Depends what you're trying to do, but Flux.jl is pretty nice: https://github.com/FluxML/Flux.jl . Failing that, the Julia Python FFI is very good, so it's possible to use PyTorch almost seamlessly in Julia (I previously used Tensorflow 1.x, and it was such a painful experience I'm not brave enough to touch 2.0).


Thanks. 2nd day playing with it and I guess now I'm hooked up on Julia.


Complexity matters. Python originally had success because it was easy to use. It was one of the first languages I learned after C++ to just get stuff done.

People are not leaving Python for Haskell, Rust, Swift and Scala because those languages are too complex to deal with.

However what we see time and again is that languages that are easy to use and which offer real advantages gain adoption. Look at the rising popularity of Go as a good example.

This is why I belive Julia has a real chance against Python. It hits all the right checkboxes: It is easy to learn, simple tools, while also being highly productive and giving great performance.

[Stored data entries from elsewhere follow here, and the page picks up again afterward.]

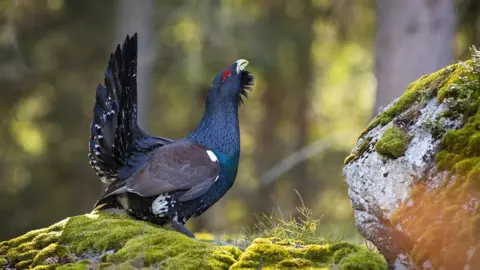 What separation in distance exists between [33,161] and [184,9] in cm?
488

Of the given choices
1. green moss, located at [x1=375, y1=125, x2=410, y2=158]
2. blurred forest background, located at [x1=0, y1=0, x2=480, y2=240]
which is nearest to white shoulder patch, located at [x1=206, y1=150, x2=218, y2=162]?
green moss, located at [x1=375, y1=125, x2=410, y2=158]

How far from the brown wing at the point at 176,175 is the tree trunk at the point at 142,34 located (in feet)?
27.8

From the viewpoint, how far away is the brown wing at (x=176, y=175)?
17.4 feet

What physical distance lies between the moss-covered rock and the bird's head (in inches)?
63.8

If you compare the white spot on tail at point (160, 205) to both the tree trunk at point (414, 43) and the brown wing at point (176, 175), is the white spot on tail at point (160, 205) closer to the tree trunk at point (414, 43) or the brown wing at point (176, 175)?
the brown wing at point (176, 175)

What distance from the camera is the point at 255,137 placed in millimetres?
17656

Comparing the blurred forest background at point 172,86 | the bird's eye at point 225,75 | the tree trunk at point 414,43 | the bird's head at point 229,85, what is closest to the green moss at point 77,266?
the bird's head at point 229,85

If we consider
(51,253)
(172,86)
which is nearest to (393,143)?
(51,253)

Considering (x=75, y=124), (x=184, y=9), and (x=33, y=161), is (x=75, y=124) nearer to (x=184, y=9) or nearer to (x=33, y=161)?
(x=33, y=161)

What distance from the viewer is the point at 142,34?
1409 centimetres

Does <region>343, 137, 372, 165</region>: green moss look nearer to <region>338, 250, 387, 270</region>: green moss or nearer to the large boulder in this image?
the large boulder

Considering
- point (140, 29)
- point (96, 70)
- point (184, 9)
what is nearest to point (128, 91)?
point (140, 29)

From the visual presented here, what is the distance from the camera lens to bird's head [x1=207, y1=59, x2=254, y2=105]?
5.90 meters

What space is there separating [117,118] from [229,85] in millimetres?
1020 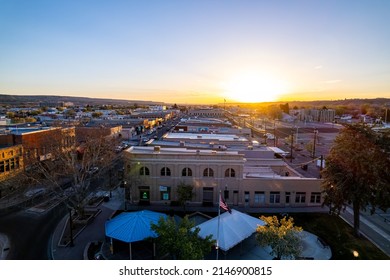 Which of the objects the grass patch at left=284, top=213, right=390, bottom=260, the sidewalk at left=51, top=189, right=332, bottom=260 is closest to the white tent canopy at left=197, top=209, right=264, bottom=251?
the sidewalk at left=51, top=189, right=332, bottom=260

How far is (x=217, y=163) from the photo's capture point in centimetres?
2730

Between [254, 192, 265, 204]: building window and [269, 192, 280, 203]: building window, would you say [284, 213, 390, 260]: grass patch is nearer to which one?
[269, 192, 280, 203]: building window

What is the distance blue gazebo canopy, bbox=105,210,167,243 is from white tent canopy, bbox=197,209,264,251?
367 centimetres

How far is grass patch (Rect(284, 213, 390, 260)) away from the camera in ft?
61.1

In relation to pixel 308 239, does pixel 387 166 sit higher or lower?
higher

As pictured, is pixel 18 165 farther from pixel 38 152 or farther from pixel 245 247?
pixel 245 247

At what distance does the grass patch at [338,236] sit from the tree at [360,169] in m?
1.15

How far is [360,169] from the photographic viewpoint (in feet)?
64.6

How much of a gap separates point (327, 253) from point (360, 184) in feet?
18.3

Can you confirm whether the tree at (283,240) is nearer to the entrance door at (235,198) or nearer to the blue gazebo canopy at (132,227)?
the blue gazebo canopy at (132,227)

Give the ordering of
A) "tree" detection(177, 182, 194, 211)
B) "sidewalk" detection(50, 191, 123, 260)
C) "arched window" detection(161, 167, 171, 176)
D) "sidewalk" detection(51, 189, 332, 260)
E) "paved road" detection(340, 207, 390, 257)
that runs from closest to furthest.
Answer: "sidewalk" detection(51, 189, 332, 260) < "sidewalk" detection(50, 191, 123, 260) < "paved road" detection(340, 207, 390, 257) < "tree" detection(177, 182, 194, 211) < "arched window" detection(161, 167, 171, 176)

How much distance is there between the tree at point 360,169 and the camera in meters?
19.2

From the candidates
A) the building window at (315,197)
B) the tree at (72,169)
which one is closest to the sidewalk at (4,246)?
the tree at (72,169) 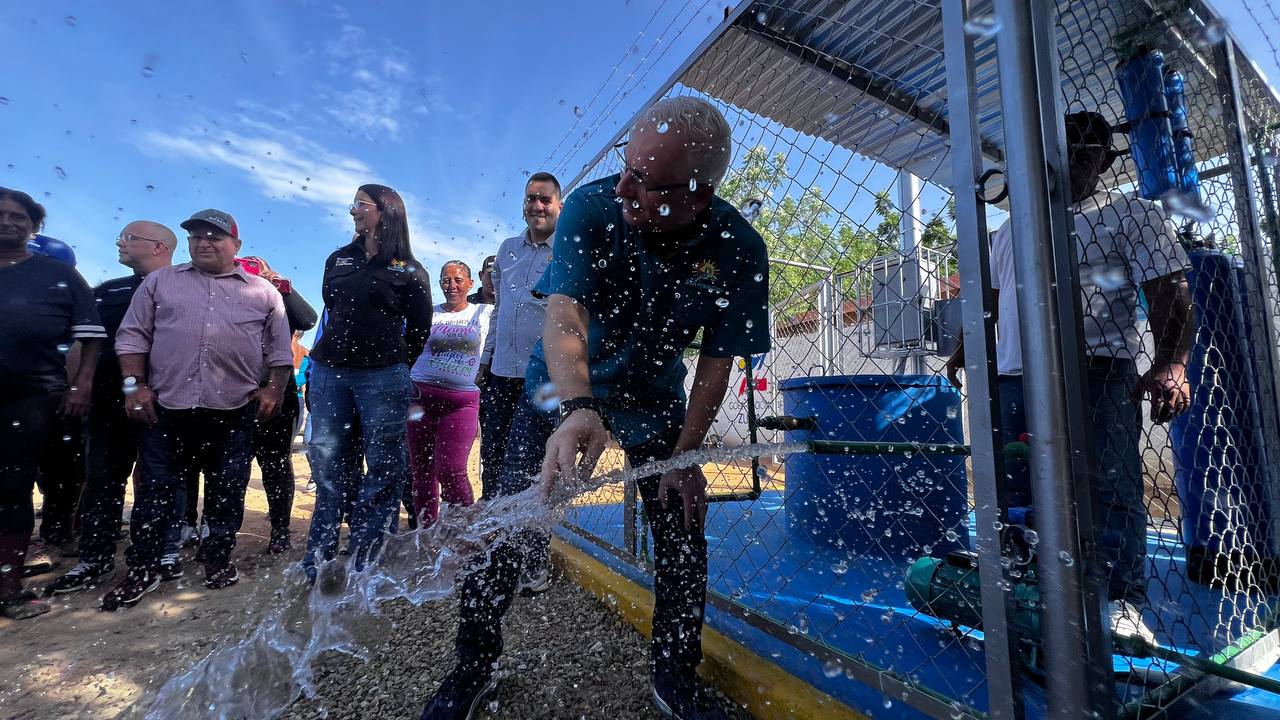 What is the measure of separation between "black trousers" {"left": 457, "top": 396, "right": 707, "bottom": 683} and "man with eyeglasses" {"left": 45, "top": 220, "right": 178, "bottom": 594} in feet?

Sure Python is not suddenly going to get knocked off the crown. But the fact is that Julia has far more growth potential. Packages are built faster as there is no need for C/C++. Packages are combined way easier due to multiple dispatch and lack of C/C++ dependency. This is a hard one to explain in a short text but Julia has a unique ability in how packages can easily combine. Hence with a couple of Julia packages you get squeeze out the same functionality as a dozen Python packages.


I am a researcher at an algo trading shop. We are moving our core libraries from rust+python to Julia.

It really is amazingly powerful and has great interop with python (eg seamless zero copy array sharing).

In the past one had to muck about with cython/c/numpy api to speed things up, now one can just write the functionality in Julia and make it available in both ecosystems.

Python will likely remain the premier language to do research in, but more and more work can move to Julia which is much better at anything not immediately vectorizable.


Great news for me! I actually do Julia training. My colleagues do Python training. But we don't seem to be quit at the critical mass yet to gain a lot of training requests for Julia. But I am an optimist. There seems to be a shift going on. 2020 could be a breakout year for Julia.

A lot of my job the way I see it at the moment is to try to learn about people's experience switching to Julia to help explain to people why it would benefit them.

How did you guy actually end up switching to Julia? Was it a careful analysis ordered from the top, or was there more like some Julia evangelists who bugged people until they tried it an realized it was actually quite useful?

I used to work in the oil industry, and tried to convince people to try Julia. It would have been a huge advantage over our Python interface in terms of performance but it was a very hard sell. People are conservative. They are very reluctant to try new things. So I am always curious how other people pull off making a change happen.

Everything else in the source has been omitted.